Researchers from UCR and the Hebrew University of Jerusalem were awarded a $300,000 grant from the U.S. Department of Agriculture to develop a two-year study aimed at maximizing the use of treated municipal wastewater in agriculture. The study seeks to curtail the devastating effects of the state drought and serves as a response to Governor Jerry Brown’s recent mandatory water restrictions.
With a specialization in water pollution and salinity, UCR associate professor of environmental economics and policy Kurt Schwabe is co-leader of the research team, “Enhanced Resilience of Local Agricultural Water Supplies through Reuse of Municipal and Agricultural Water: A Dynamic Economic Analysis.”
Schwabe and his partner David Jassby, assistant professor of chemical and environmental engineering, will investigate efficient ways to balance the increasing costs of and techniques used for water treatment while determining its impact on crop yield.
The team plans to help local water agencies find cost-efficient techniques for treating wastewater in processing plants.

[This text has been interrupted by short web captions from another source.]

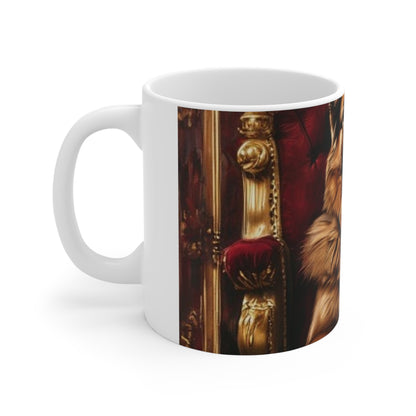 Custom Pet Portrait 11Oz Ceramic Mug | Funny Pet Gift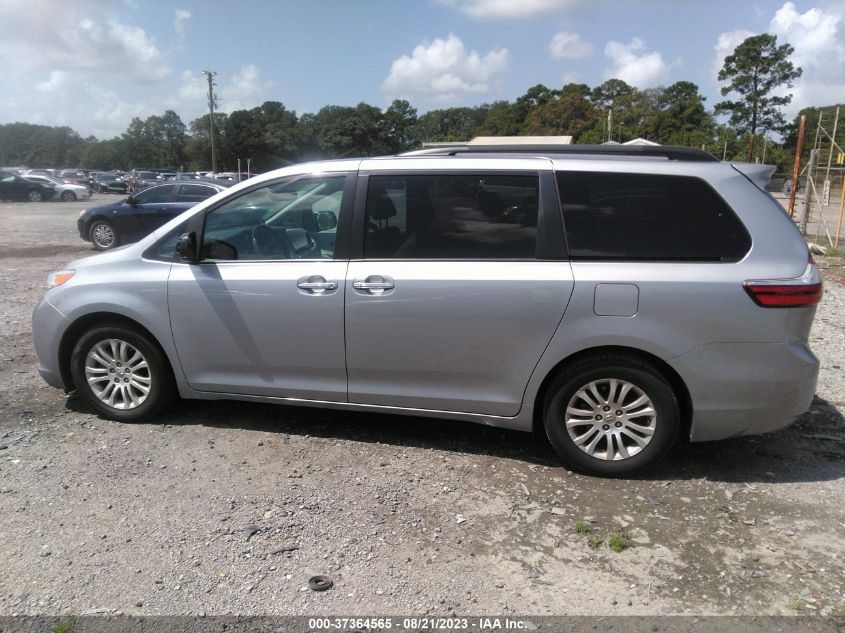 2016 TOYOTA SIENNA XLE - 5TDYK3DC6GS758760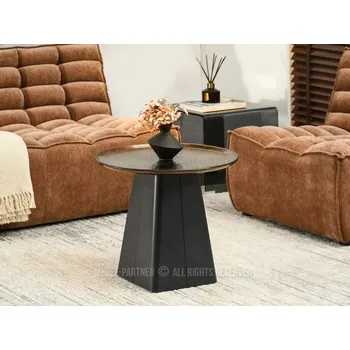 Konferenční stolek Designový konferenční stolek HAPR - bronzové sklo / černý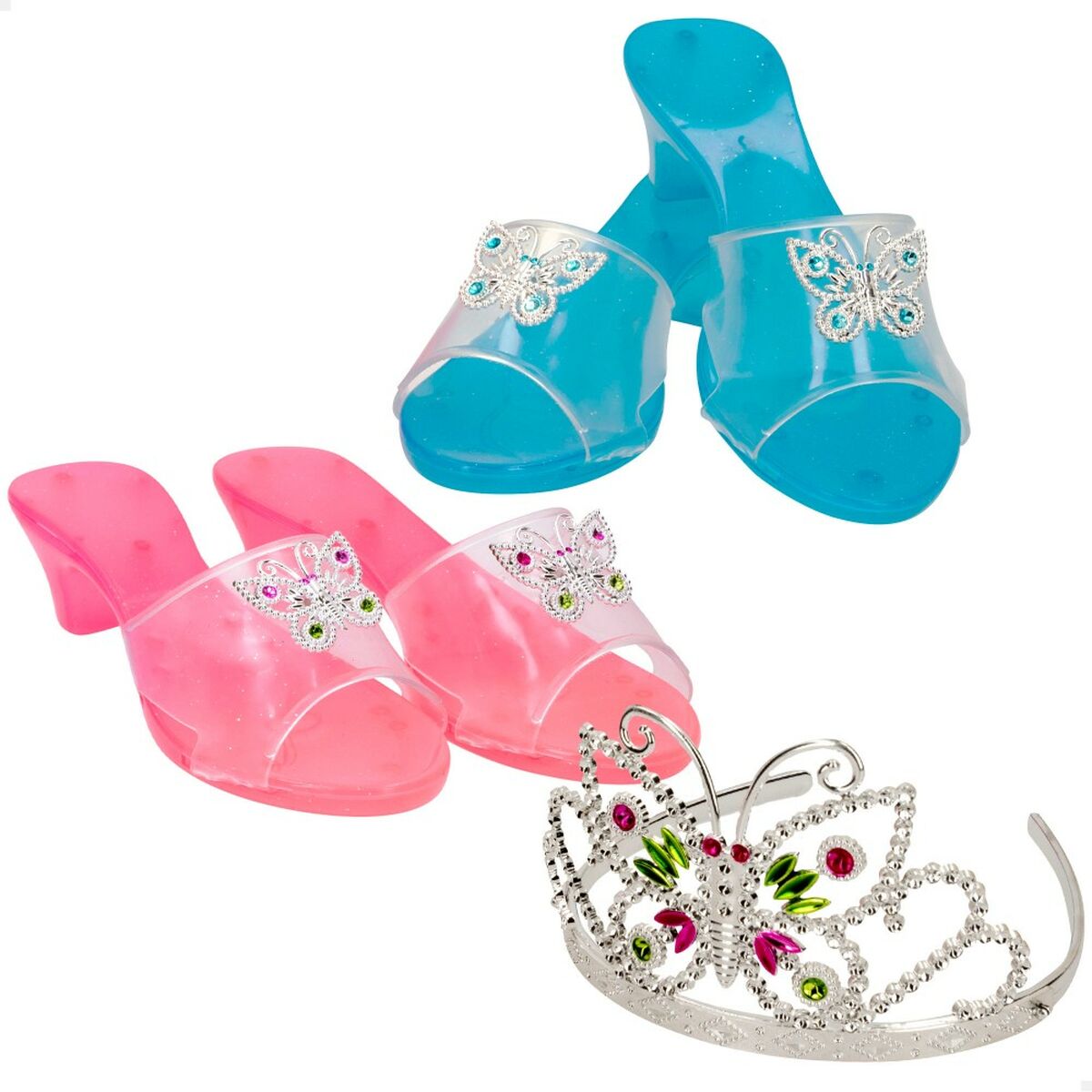 Prinsessaccessoarer Colorbaby 3 Delar-Leksaker och spel, Fancy klänning och accessoarer-Colorbaby-peaceofhome.se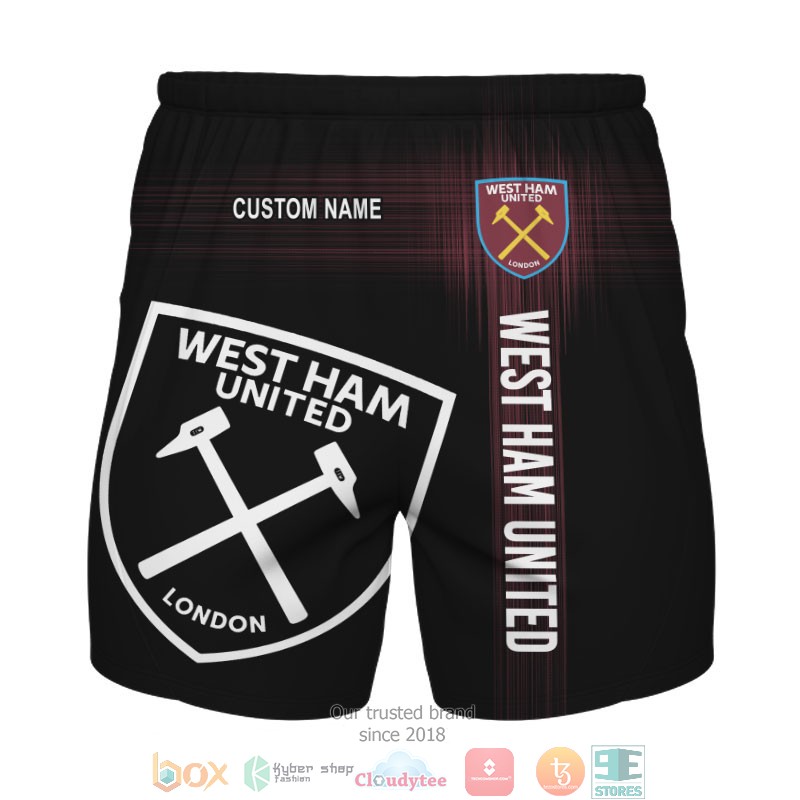 Personalized West Ham Black 3d shirt hoodie 1 2 3 4 5 6 7 8 9 10 11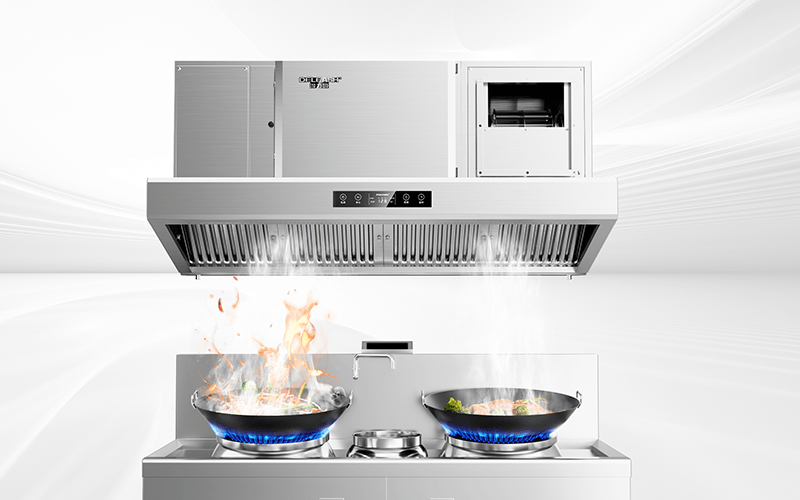 Polygee Integrated Kitchen Hood ESP for new restaurant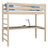 Oak Loft Bed with Desk Bleached Oak – Children’s Room, Scandi Nizio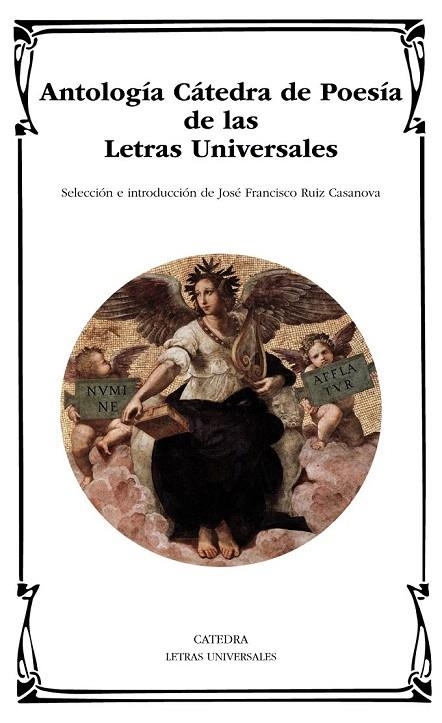 ANTOLOGÍA CÁTEDRA DE POESÍA DE LAS LETRAS UNIVERSALES | 9788437632964 | VARIOS AUTORES | Llibreria La Gralla | Llibreria online de Granollers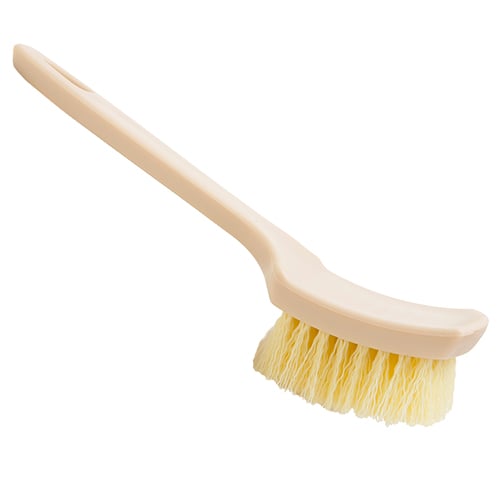 PP Bristles Tire/Carpet Brush, Heavy-Duty, 9", Beige(12 pcs/pk, 48pcs/cs)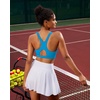 image:imageRUNNING GIRL Sports Bras for Women High SupportRacerback Supportive Molded Cup Sports Bra with Sewn in PadsAbrilliant Blue
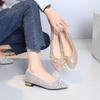 Women's Pointed-toe Shoes, Low-cut Shoes, Size-large Shoes, Single Shoes
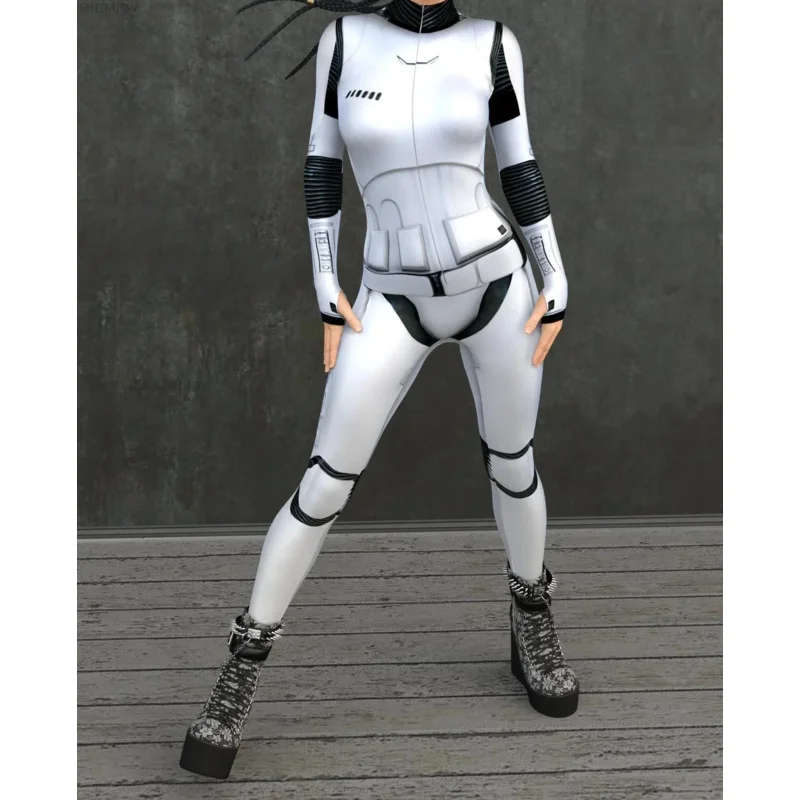 3D Print Catsuit Vrouw Rits Jumpsuit Zentai Romper Game Party Carnaval Kostuum Vrouwelijke Cosplay Outfit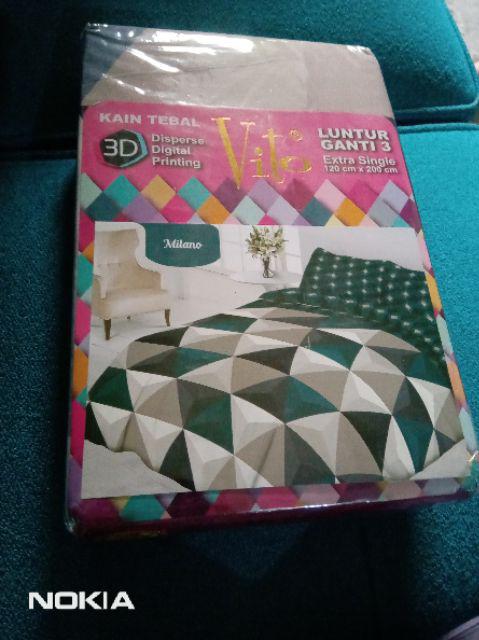 Id. Sprei 3d Single New Vito Motif  Milano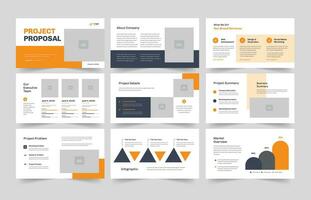 Project proposal presentation or business proposal template vector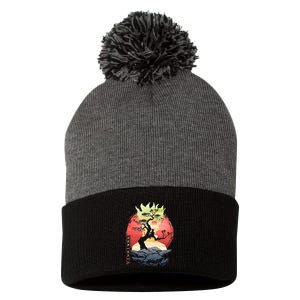 World Stones Pom Pom 12in Knit Beanie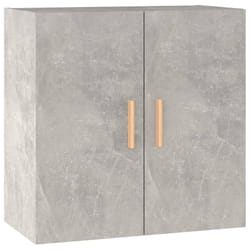 vidaXL Wall Cabinet Floating TV Unit Wall Mounted Cabinet Engineered Wood - Concrete grey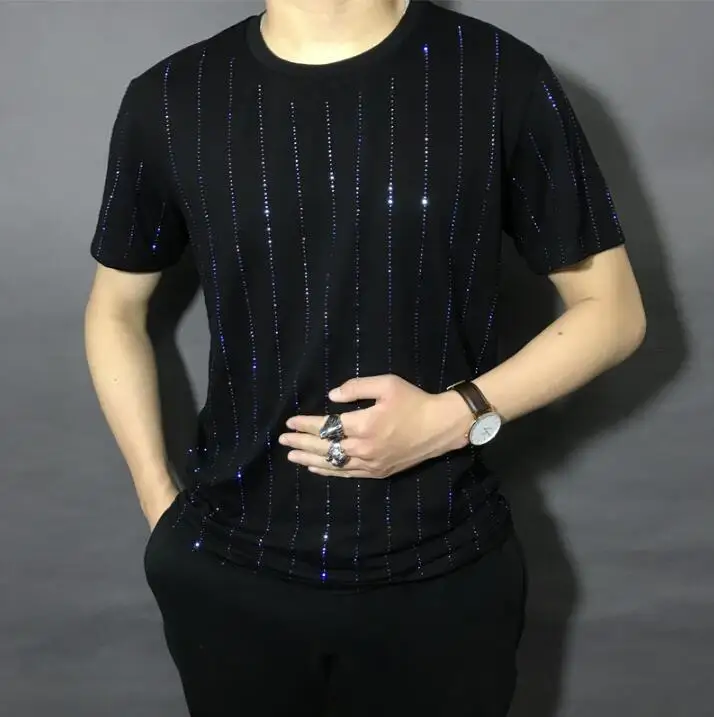 2019 new hot drilling short-sleeved men and women shirts Fashion Tshirts Male cotton comfortable nightclub hair stylist T-shirt
2019 new hot drilling short-sleeved men and women shirts Fashion Tshirts Male cotton comfortable nightclub hair stylist T-shirt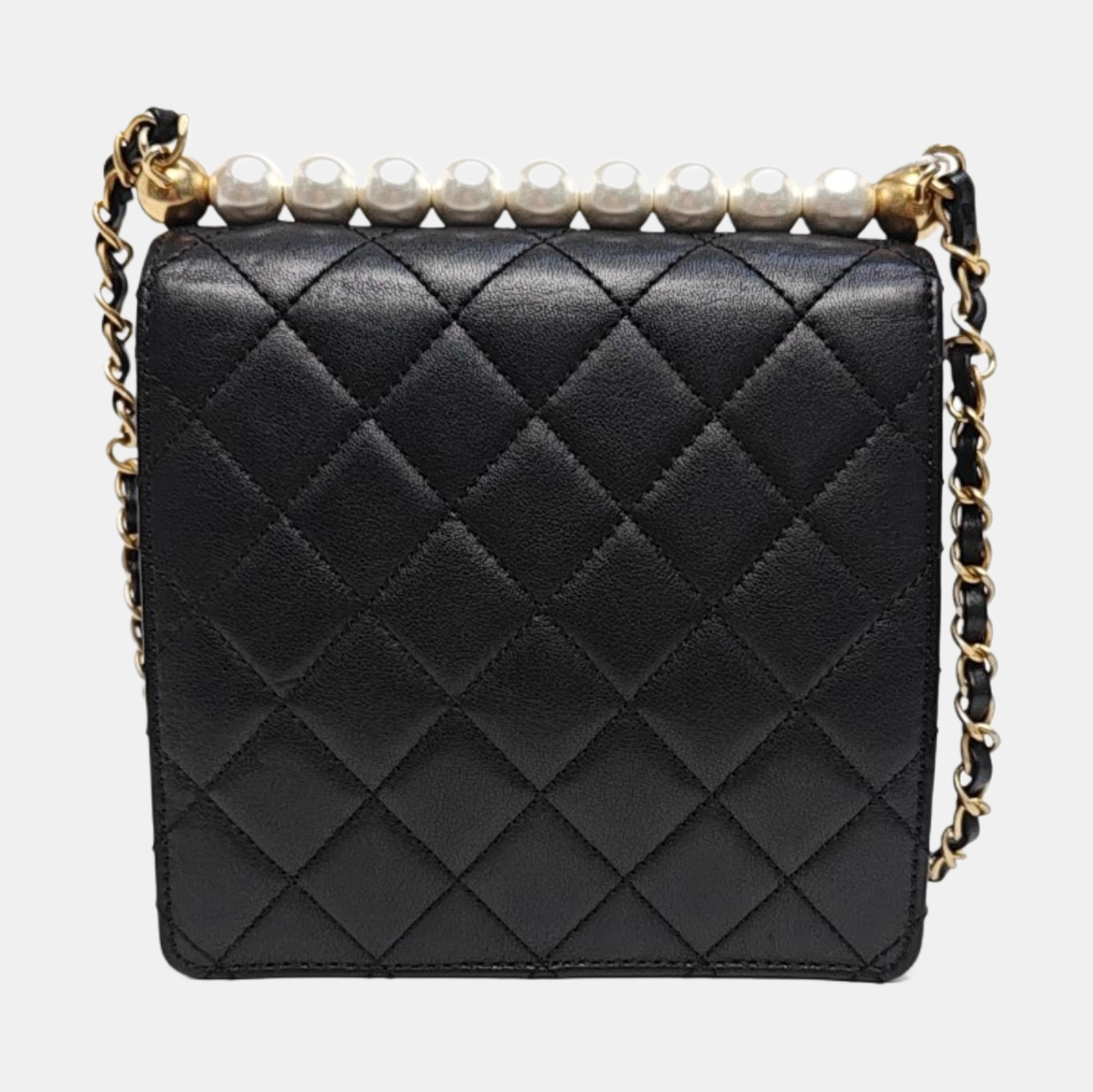 Quilted Lambskin Mini Black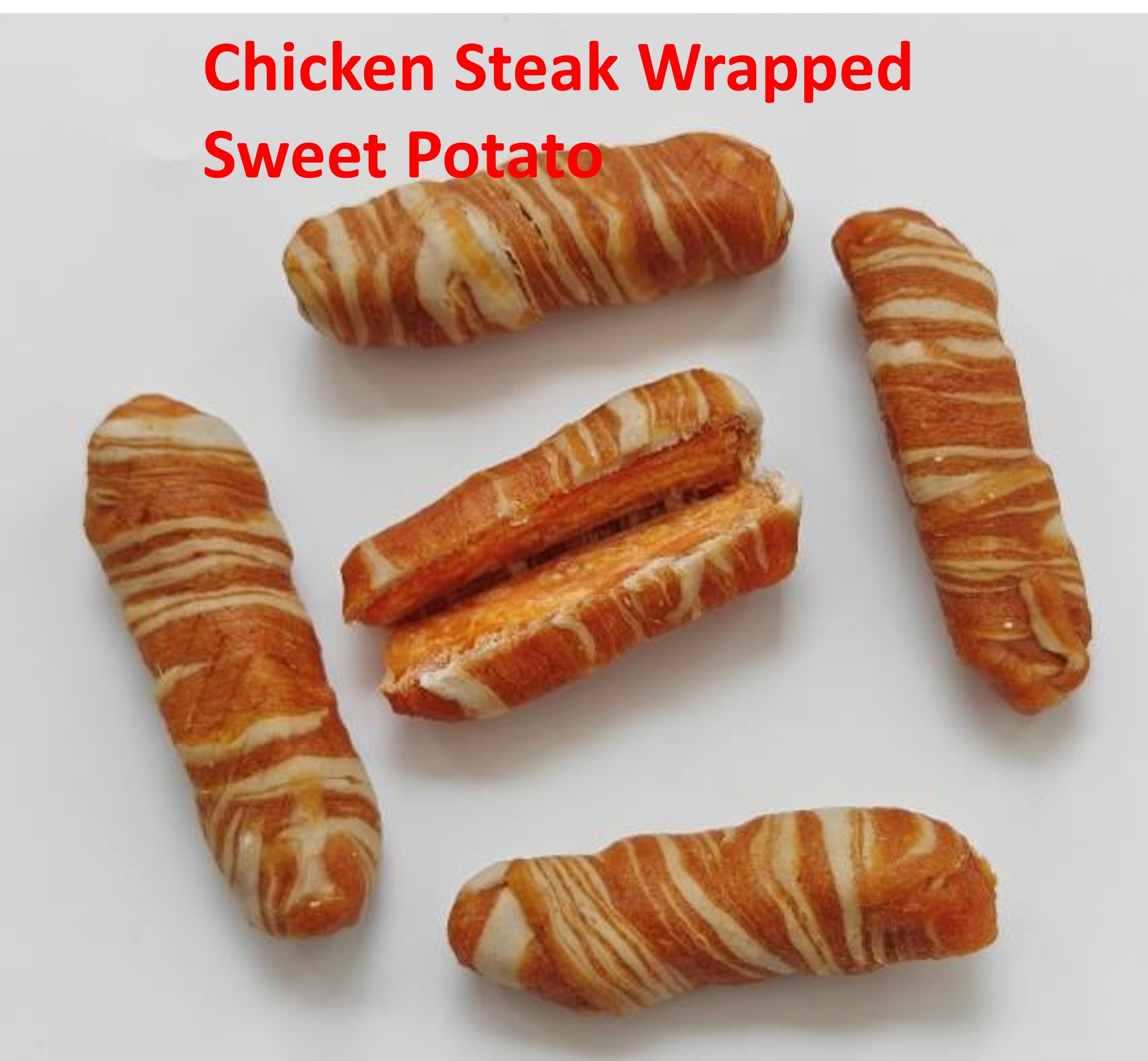 Chicken Steak Wrapped Sweet Potato
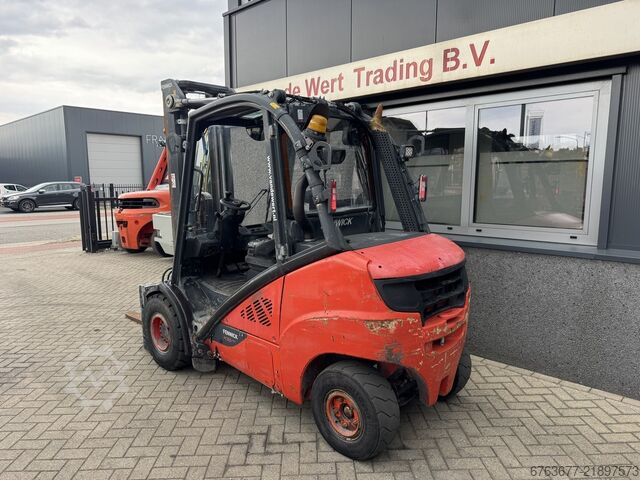 Linde H35D-02 Triplex 550 Freelift / Sideshift / Fork Positioner VW Diesel 2018 LINDE H35D-02 Triplo 550 Freelift / Sideshift / Vorkversteller VW Diesel 2018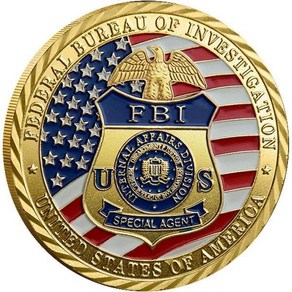 기념주화 정의의 수호자 미국 FBI 특수요원 세인트. 마이클 챌린지 코인 연방 수사국에 대한 수집 가능한 헌사, 1개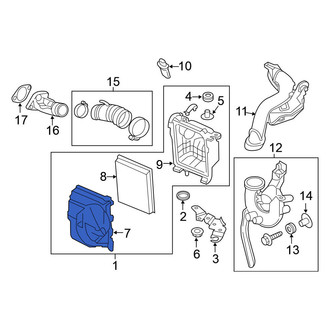 Nissan OE - Air Cleaner Cover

“Our hope is that wastewater utilities can engineer their treatment trains to meet the demands of farmers so we can better reuse wastewater in a way that is cost-effective, rather than send it to the ocean,” Jassby said in a press release. “In the long term, we hope we will be able to optimize wastewater treatment processes so they are better matched to the agricultural end uses of the water. To the best of our knowledge, no one is looking at this kind of model.”